One of the biggest things that can cause trouble when creating an anime adaptation is the change in mediums from one thing into anime. Why does that cause trouble? Anime is a very timed and efficient medium. Each anime episode is approximately 21 minutes without openings and endings which means that 21 minutes of content needs to be put into each episode. When a series is one cour or 12 to 13 episodes, there is only so much content that a studio can put into those episodes. Approximately 252 to 273 minutes a season. That means more and more time as additional cours and seasons are thrown into the mix to adapt a certain work. It sounds like a complicated thing.
From the medium change, it feels like manga would be the easiest thing to adapt in anime. Possibly why there is so many manga adaptations out there. Manga is a comic after all so there is some writing and visuals connected together in a way that one can see it be an anime already. Especially since a lot of anime use manga panels at story boards. The hard work of coloring it, animation it, adding sounds, and voice acting follows after that fact. I mean, that is the easiest thing to do and yet that takes hours and hours of work to accomplish.
What if a creator wanted to add something more to do? What about choosing what parts of the source material to animate on a time budget. Manga can have all the time it needs to tell its story, but anime is watched by people on television or by streaming weekly. Are there parts of a story that do not belong in an anime that need to be cut out without missing part of the story? What are those parts? What is the maximum amount of context that can still create some drama. I imagine that a lot of shonen battle adaptations have some more time to tell their stories but there are still cuts that need to be made. Fun times.
Light Novel Adaptations
Making a story out of written word and putting it into animation, so it’s fun. I feel like light novels have a leg up on novels that were created into movies because light novels have some importance scenes and characters drawn out so you know that you can see something out there. Still, there is the matter of choosing what to adapt and how to adapt it. What is the studios interpretation of important moments and is that accurate to what the author had in their mind? In my very unresearched mind, it feels like there is more give and take in finding a golden mixture to creating an entire story that has unlimited time into animation.
And honestly, a lot of the adaptations that I’ve seen coming from light novels are writer heavy. I don’t just mean with character dialogue, but explanations of the stories brought in themselves. For example, how is a fantasy series going to tell you about the world its presented. Will it give the watcher an extensive load down that they are going to quickly forget or will it tell you more about the world over time? Hard things to consider here. Honestly, this fact is why most of them aren’t for me. I know that I am a Tomino fan and his dialogue is expository in nature a lot of the time, but I don’t think that a lot of anime have captured that sort of dialogue with as much charm or humanity. That probably is a bias though and I should probably give them a bit slacker since the studio is creating the anime from almost scratch. Laziness doesn’t exist in the anime industry.
Video Game Adaptations
I am not going to lie but studios that turn a game that lasts for hours and hours into a one or two cour anime series have the hardest task possible. I feel like that is so much of them fail. Seriously, how do you tell hours of story in small bits of time? How do you capture the player’s experience for those who haven’t played the game? The answer is that you can’t. Well, at least not easily. I also think that limiting a story in such a way through this time spring can hurt an anime as well. I can’t help but feel sorry for people tasked into creating an anime out of a video game as being some of the hardest working people ever because they are given an impossible task. I mean, otherwise the characters, stories, and visuals are all there ready to play.

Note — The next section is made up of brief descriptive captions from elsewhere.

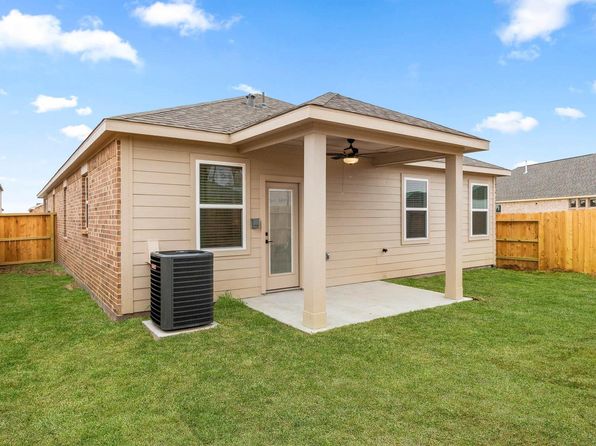 1111 Whispering Winds Dr, Beasley, TX 77417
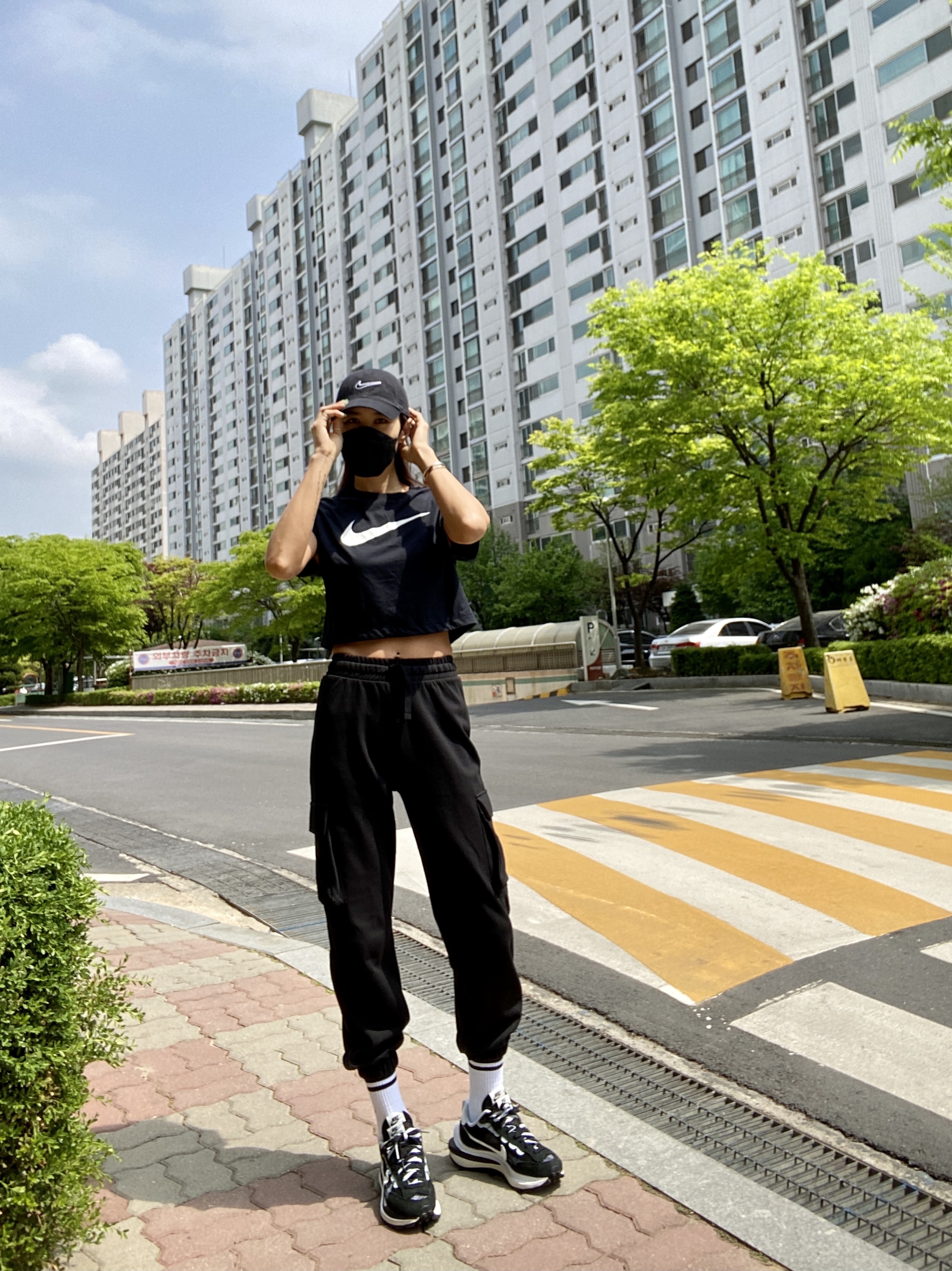 Nike x Sacai VaporWaffle Black White 착용 스타일 - 1
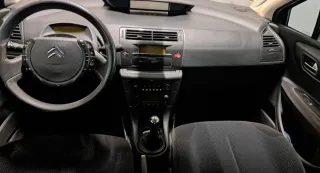 Citroen C4 HDI 110 CV diesel como nuevo pegatina B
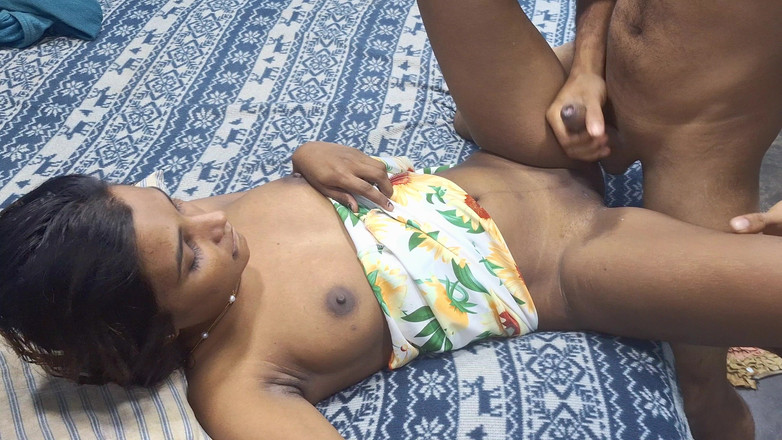 Shashi X: 我操我美丽的继妹印度美丽的继妹硬深操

The main thing I see is choosing what audience to create an anime for. Do you aim for the people who played the game and animate the best action moments with bare minimum context or do you create an adaptation that everyone can enjoy with as little amount of time as possible? There are some cases like Rage of Bahamut: Genesis and Virgin Soul which create their own stories out of what they are given from a Gatcha Game, but not all anime adaptations have that chance to just have some fun. It really does feel like a lose lose game here. Poor people tasked with accomplishing all of these series. Damn.
Creating anything difficult is hard. I mean, original anime are hard because everything is started from scratch. Character designs, story, themes, story, and other things. Anything that involves a bunch of talent working hard together slaving away for hours to create something special deserves a lot of credit. I don’t think any difficulty changes when an anime turns into an adaptation just how much creative is approached to it. The level of effort behind each is still decided by the studio behind it and the resources and budget they have behind it all. And no, these aren’t thoughts that are well researched at all but they do come from how difficult and obvious it all is.